What the exercise asks
All of the data that follows should be retyped exactly, please, except the pictures.
─── Input ───
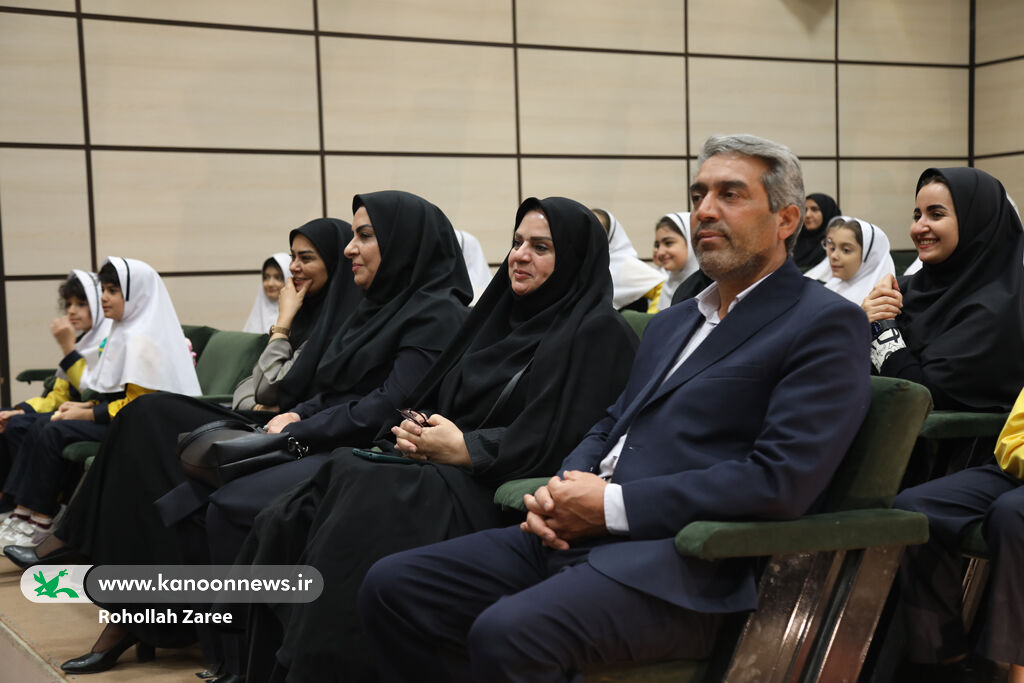 ویژهبرنامه زنگ دوستی در دو بخش کودک و نوجوان برگزار شد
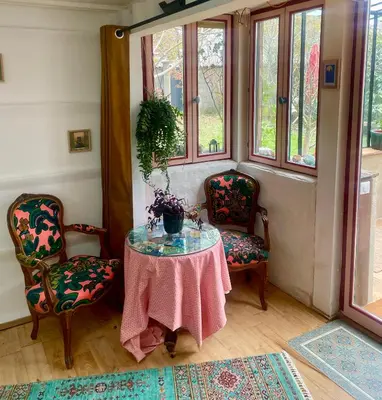 Coin salon dans l'établissement L île inconnue
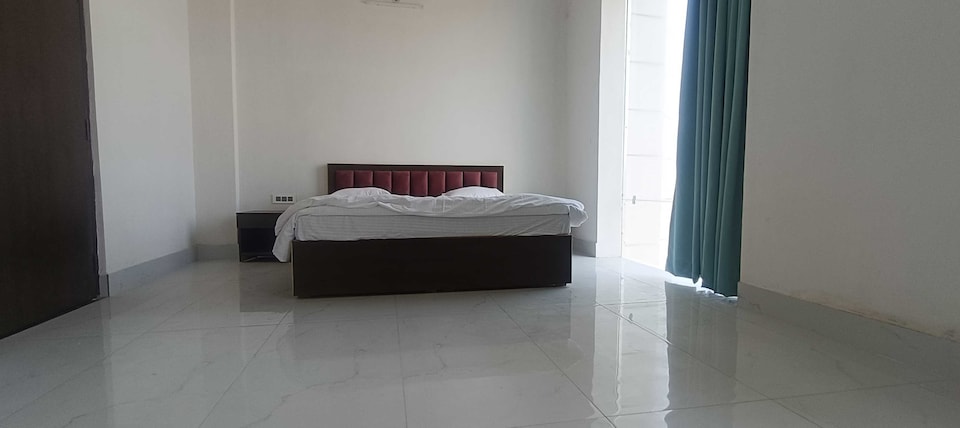 Hotel O The Pacific Farm and Resort, Pilibhit Bypass Road, Bareilly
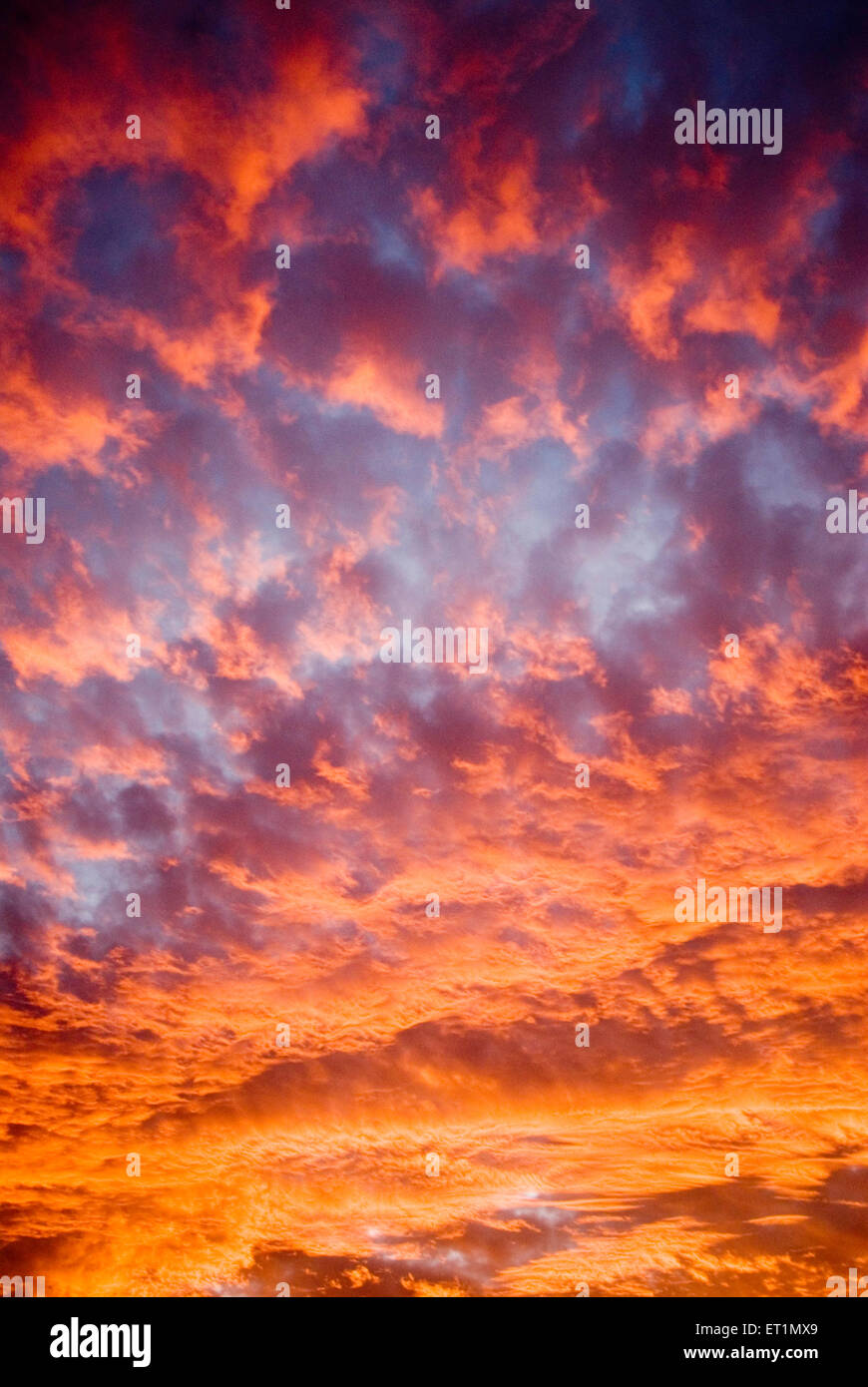 Orange Himmel gelb rot Wolken Sonnenaufgang Morgendämmerung Stockfoto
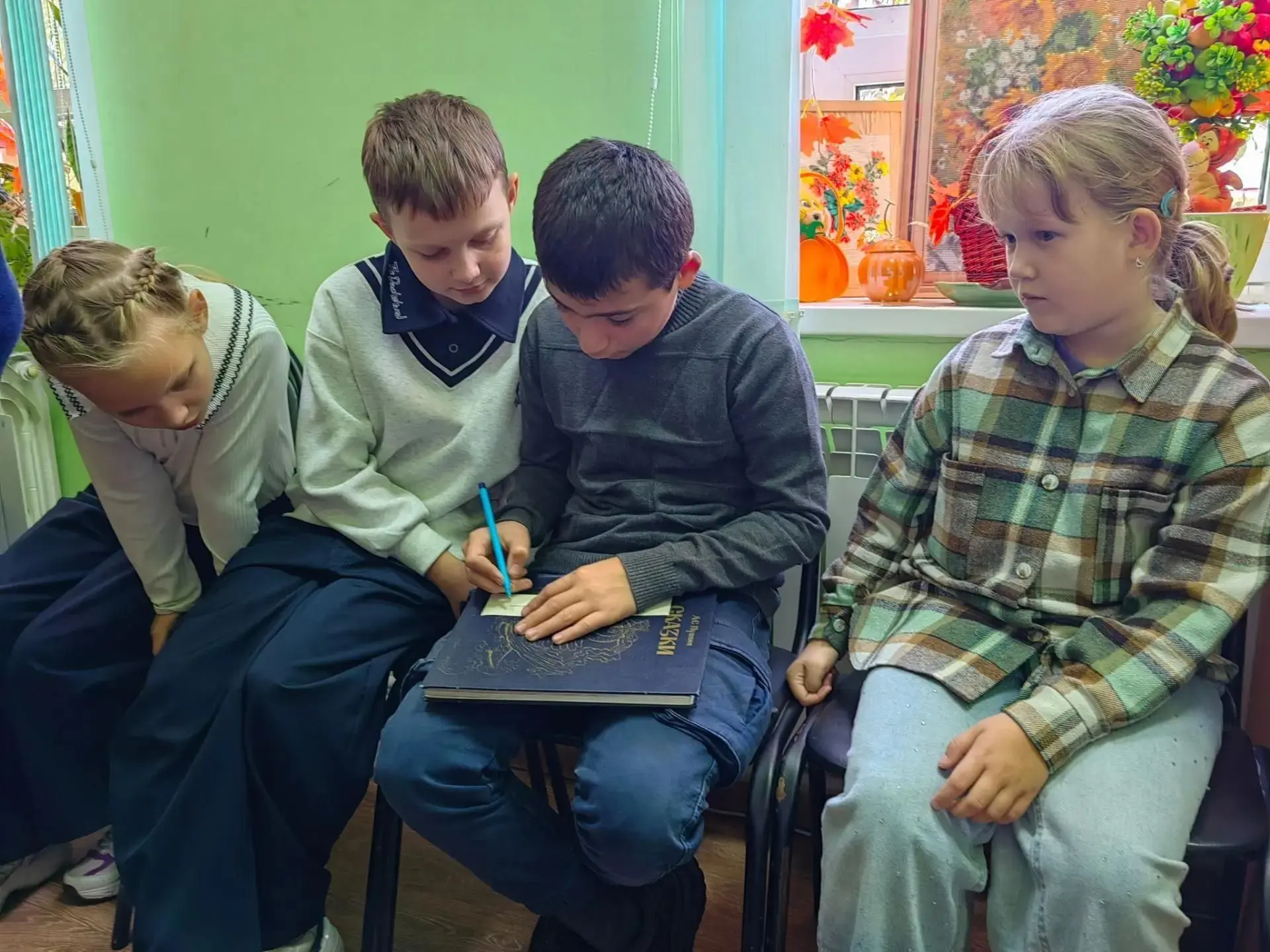 📸 «Звёзды Прони» и «Клёвые ёжики» вместе отметили Всероссийский день чтения в Пронской...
───
Solution for this problem
 ویژهبرنامه زنگ دوستی در دو بخش کودک و نوجوان برگزار شد
 Coin salon dans l'établissement L île inconnue
 Hotel O The Pacific Farm and Resort, Pilibhit Bypass Road, Bareilly
 Orange Himmel gelb rot Wolken Sonnenaufgang Morgendämmerung Stockfoto
 📸 «Звёзды Прони» и «Клёвые ёжики» вместе отметили Всероссийский день чтения в Пронской...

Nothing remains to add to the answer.